In that same Pentecost moment the record says they were in one place and on one accord. The empowered church is a church of one agenda. The response we seek, however, moves beyond power to peace. The church was born in fire and persecution. So shall it ever be. We must summon the spiritual power which is ours to form new alliances and join new constituencies to bring about justice for all God’s children. From our holy fires comes a moment of great opportunity to give vocal and visible opposition not only to church burning but to the possible dissolution of her dream of justice and freedom for all. When there is one agenda, an agenda that centers on one Christ, one Lord, one Faith, and one Baptism the church regains the power which once she had known.
Jesus said “set the church on fire” because fire has the power to Consume. Whenever fire breaks out it’s hard to keep it in one place. It’s contagious. Those men and women who composed the first church found themselves going everywhere telling others about the name of Jesus. They told it because they had to tell it. The more they told it the more they had to tell it. Strangely enough, the more they were consumed by this fire…this Holy Ghost fire…the more they discovered that their own difficulties disappeared. Those who were disciples discovered that the more they found themselves on fire for God, their individual goals disintegrated.
The doubts and fears of Thomas disappeared.
The radical militancy of James and John was tamed.
The impetuous and irrational behavior of Peter was Drought under control.
They discovered that the only thing they were concerned about was Christ. No matter what fire you are experiencing, if you take your eyes off yourself and place your eyes on Jesus, what you thought was your problem will become your possibility, what you thought was your stumbling block will become your stepping stone, what you thought was your defeat will become your victory.
This fire will consume you with Jesus. And that’s the way I want it. I want, in the words of Gardner Calvin Taylor, “more of Christ and less of me until there is all of Christ and none of me.”
Set the Church on fire!
Jesus said set the church on fire because it has the power to Control the Uncontrollable. In the church of my childhood they did not know anything about internal combustion, they didn’t know anything about consuming fire. They said that when they came together they felt something on the inside that made its way to the outside. They said they had a love that ran from “heart to heart and breast to breast.”

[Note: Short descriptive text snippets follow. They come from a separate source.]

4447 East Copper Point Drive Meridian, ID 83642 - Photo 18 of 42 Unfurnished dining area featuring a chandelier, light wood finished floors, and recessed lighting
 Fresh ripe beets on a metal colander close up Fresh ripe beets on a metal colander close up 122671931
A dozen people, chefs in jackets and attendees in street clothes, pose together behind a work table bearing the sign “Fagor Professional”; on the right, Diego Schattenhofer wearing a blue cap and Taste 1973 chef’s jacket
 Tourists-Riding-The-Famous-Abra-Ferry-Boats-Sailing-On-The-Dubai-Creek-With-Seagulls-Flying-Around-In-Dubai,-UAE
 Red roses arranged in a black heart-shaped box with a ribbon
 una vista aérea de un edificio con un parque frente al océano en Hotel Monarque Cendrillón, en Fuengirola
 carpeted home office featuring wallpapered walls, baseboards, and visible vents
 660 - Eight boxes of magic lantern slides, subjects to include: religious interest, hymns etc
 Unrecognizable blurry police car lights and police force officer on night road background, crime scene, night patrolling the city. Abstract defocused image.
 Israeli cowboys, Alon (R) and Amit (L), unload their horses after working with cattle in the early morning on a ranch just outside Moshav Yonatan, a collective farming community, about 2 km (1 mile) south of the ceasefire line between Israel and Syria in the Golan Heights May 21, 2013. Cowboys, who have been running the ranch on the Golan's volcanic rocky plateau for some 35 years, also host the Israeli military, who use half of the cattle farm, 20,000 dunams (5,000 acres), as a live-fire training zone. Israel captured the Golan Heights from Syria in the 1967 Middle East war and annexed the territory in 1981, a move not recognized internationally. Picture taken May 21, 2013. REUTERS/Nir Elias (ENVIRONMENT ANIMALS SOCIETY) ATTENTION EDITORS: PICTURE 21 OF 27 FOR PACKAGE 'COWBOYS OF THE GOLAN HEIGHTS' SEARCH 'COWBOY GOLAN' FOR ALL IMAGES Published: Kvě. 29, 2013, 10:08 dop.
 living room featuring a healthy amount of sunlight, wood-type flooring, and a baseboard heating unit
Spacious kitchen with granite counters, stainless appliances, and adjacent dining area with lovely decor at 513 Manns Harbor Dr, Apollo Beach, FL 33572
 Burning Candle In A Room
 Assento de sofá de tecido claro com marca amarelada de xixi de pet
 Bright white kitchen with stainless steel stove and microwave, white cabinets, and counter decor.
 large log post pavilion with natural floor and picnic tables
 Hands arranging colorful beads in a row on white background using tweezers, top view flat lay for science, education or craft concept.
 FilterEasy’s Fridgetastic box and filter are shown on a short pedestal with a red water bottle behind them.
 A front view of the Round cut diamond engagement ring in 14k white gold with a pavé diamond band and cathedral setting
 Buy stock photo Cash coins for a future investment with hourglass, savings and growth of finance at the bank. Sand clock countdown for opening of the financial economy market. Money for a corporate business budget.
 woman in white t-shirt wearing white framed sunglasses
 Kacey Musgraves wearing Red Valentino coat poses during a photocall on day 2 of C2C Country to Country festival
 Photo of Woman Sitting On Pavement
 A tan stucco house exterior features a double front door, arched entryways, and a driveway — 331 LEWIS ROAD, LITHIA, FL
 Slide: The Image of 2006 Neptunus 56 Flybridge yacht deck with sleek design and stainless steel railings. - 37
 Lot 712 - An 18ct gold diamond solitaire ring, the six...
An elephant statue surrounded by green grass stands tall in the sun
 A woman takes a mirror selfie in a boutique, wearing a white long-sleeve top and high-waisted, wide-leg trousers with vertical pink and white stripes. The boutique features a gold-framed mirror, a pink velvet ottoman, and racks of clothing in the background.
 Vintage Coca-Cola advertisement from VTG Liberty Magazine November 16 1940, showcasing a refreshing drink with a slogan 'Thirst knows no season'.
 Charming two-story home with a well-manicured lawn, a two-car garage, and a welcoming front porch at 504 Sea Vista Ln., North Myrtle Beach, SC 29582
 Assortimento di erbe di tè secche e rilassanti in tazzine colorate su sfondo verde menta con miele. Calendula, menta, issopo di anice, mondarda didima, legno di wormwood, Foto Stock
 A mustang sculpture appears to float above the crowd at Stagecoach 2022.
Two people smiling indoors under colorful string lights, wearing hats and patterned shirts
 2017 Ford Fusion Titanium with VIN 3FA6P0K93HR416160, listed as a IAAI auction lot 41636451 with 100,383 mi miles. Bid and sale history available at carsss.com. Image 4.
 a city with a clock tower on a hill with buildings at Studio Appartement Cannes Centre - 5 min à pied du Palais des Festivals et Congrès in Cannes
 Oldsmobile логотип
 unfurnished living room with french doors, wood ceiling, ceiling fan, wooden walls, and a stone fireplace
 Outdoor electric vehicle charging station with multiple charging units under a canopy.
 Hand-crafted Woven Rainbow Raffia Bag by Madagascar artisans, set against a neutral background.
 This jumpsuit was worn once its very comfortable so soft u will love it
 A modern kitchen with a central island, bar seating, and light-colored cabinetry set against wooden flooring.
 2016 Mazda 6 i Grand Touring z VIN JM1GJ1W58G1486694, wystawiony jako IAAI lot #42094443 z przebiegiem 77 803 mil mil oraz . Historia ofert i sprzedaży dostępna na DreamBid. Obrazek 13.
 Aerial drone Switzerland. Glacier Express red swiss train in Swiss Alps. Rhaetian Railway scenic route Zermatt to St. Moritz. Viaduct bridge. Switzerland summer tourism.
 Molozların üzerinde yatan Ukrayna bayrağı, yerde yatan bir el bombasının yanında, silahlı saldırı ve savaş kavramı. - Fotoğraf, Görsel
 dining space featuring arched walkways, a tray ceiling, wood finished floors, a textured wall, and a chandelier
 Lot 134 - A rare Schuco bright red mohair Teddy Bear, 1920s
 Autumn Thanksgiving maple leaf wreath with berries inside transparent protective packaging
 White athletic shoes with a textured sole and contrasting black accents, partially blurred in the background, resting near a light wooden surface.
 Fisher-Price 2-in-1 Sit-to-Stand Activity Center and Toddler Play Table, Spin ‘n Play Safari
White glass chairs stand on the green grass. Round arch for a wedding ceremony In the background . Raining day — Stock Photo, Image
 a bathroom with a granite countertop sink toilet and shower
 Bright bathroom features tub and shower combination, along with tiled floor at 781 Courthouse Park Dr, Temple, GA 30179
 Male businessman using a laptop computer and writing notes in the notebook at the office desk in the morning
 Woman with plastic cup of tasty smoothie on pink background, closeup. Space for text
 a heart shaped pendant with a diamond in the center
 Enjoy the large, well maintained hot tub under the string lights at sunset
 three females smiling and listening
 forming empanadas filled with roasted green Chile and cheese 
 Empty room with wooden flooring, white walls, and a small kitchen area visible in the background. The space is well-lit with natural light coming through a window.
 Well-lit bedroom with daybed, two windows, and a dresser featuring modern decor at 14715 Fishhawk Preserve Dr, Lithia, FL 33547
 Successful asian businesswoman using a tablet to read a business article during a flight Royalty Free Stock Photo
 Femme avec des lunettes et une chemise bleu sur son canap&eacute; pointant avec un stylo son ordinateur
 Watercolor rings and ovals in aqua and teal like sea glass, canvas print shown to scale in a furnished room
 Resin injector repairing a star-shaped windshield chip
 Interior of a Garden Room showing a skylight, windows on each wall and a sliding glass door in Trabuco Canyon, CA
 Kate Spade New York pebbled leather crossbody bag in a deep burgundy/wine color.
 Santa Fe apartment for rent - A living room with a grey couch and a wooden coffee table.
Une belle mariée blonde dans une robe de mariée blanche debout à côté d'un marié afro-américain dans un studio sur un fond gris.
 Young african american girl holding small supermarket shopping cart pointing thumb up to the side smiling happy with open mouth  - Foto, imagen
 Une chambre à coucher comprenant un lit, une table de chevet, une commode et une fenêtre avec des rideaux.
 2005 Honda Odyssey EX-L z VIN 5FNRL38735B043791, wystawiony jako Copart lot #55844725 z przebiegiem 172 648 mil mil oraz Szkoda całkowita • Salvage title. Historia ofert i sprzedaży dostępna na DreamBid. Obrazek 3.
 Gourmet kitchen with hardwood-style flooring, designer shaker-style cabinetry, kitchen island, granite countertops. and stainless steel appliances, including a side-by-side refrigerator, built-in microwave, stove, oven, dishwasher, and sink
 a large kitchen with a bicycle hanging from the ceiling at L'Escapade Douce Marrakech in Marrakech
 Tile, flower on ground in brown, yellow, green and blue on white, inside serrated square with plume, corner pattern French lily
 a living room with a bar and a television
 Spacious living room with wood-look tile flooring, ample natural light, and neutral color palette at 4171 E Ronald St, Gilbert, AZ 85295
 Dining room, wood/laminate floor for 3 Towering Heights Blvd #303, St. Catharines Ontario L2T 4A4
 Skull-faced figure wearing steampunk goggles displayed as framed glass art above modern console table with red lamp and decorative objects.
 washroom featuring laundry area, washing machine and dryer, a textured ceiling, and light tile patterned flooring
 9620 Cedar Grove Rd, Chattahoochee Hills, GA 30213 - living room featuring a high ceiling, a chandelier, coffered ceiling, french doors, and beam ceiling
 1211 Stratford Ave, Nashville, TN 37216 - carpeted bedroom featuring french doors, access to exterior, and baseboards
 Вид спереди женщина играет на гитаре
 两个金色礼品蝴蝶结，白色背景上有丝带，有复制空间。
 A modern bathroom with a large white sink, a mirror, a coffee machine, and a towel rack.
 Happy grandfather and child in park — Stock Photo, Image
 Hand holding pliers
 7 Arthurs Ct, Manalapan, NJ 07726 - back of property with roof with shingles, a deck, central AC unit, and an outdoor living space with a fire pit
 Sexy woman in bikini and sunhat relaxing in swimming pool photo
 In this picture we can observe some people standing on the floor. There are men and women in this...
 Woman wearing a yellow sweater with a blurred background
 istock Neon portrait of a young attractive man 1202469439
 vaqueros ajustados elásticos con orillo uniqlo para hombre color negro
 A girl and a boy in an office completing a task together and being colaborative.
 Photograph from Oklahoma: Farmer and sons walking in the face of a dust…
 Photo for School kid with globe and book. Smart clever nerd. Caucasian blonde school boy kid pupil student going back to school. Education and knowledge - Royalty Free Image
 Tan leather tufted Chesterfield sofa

Every year the nation is seized by fires which break out in the great forests of the land. Whether caused by drought or carelessness the fires run rampant through acres of trees and land/very often bringing threat and harm to human life. I have noticed, however, where there is a fire that appears to be uncontrollable, a strange and unorthodox thing occurs. Firemen may try to drown the fire from ground level or try to extinguish it with chemicals flown in by special planes. But when the fire is uncontrollable they draw a circle around the fire, dig a trench and then set a fire in the trench so that when fire meets fire, the fire is brought under control. I am convinced today that there is power when fire meets fire. When my fire meets with your fire that which appears to be uncontrollable is brought under control.
We have a fire that can change the world.
We have a fire that can alter men and nations.
We have a fire that can replace truth with falsehood.
We have a fire that can warm these stony hearts of ours.
We have a fire that can give strength to the weak, hope to the hopeless, power to the powerless, and love to those who have no love. We have a fire that can change the world.
The more I think about Jesus the more I am drawn to the unorthodox nature of His ministry. In fact, whenever I think about Jesus and all He’s done for me, my soul cries Hallelujah!
“I am come to send fire on the earth, and what will I, if it be already kindled?”